Falsidade de testemunho. Momento em que a testemunha faltou à verdade

FALSIDADE DE TESTEMUNHO. MOMENTO EM QUE A TESTEMUNHA FALTOU À VERDADE
RECURSO CRIMINAL Nº
1341/16.0T9CBR.C1
Relator: BRÍZIDA MARTINS
Data do Acordão: 24-04-2018
Tribunal: COIMBRA (J L CRIMINAL – J1)
Legislação: ART. 360.º DO CP
Sumário:

  1. A falsidade de declaração a que se reporta o artigo 360.º do CP corresponde à desconformidade entre a declaração emitida pelo agente e a realidade por ele apreendida, independentemente de a verdade ter sido apurada no processo e qual seja ela, de acordo com a conceção subjectivista que seguimos, pelo que a circunstância de o tribunal de julgamento nada ter apurado sobre a verdade do facto objeto da declaração, ou seja, se a compra de produto estupefaciente aos três arguidos no processo anterior teve ou não lugar, não impede que a conduta do ora arguido possa ter preenchido os elementos objectivos e subjetivos do crime de falsidade de testemunho previsto no artigo 360.º do CP, contrariamente ao que sucederia na conceção objetiva de declaração falsa.
  2. Assim, caso se imponha concluir, perante declarações claramente contraditórias entre si, em que uma delas exclui necessariamente a outra, que o agente declarou com falsidade, é igualmente irrelevante que não se apure em que momento a testemunha faltou à verdade, pois o seu comportamento como declarante no processo deve ser perspectivado na sua globalidade, pelo que “essa falta de fidelidade à verdade traduzida num desvio da declaração em relação à realidade apreendida pelo próprio declarante e descortinada através de uma visão integrada de toda a sua conduta processual, é por si só suficiente para implicar a prática de um ilícito-típico objectivo de falsidade de depoimento” – cfr Nuno Brandão, Inverdades e consequências: considerações em favor de uma conceção subjectiva da falsidade de testemunho.
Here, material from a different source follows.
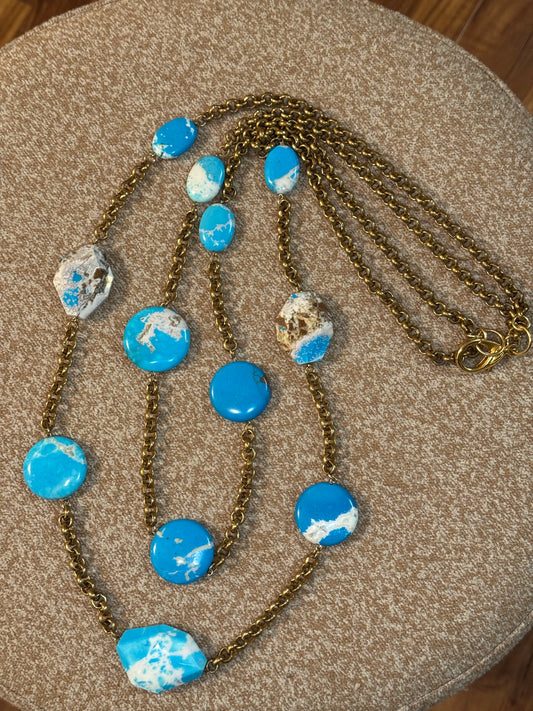 ✨Natural Stone Station Necklace – Gold-Tone Chain ✨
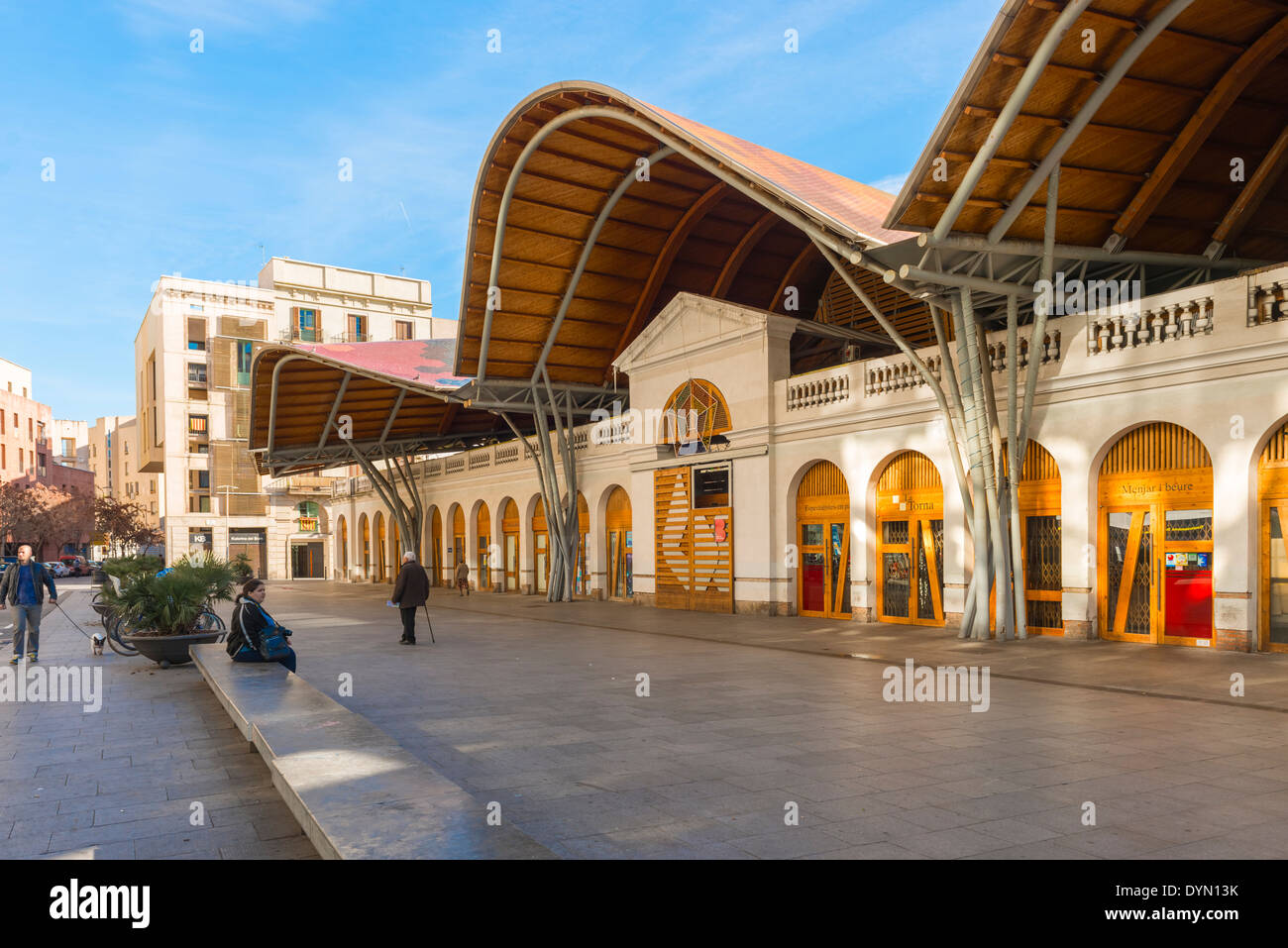 Barcelona, Spanien - 26. Januar 2014: Marcat de Santa Caterina in Barcelona, Spanien. Menschen zu Fuß und wartet auf Markt öffnet Stockfoto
Anotação aos acórdãos da Relação do Porto de 30.01.2008 e da Relação de Guimarães de 29.06.2009 in RPCC 2010, 3, p. 477 e segs. (pág. 503).
  3. Quando subsista dúvida sobre o exacto momento em que o agente faltou à verdade e essa dúvida tenha relevo penal ou processual penal, v.g. para efeitos de prescrição ou da agravação prevista no n.º 3 do art.º 360.º do CP, tal dúvida não pode deixar de ser valorada a favor do arguido em obediência ao princípio in dubio pro reo.
  4. A exigência de que a verdade histórica objectiva tivesse de ser apurada e, por isso, devesse constar já da acusação, parece-nos excessiva, atentando em que, além do mais, essa mesma verdade consubstancia matéria do âmbito do processo em que depôs, e não, propriamente, do objecto agora em julgamento.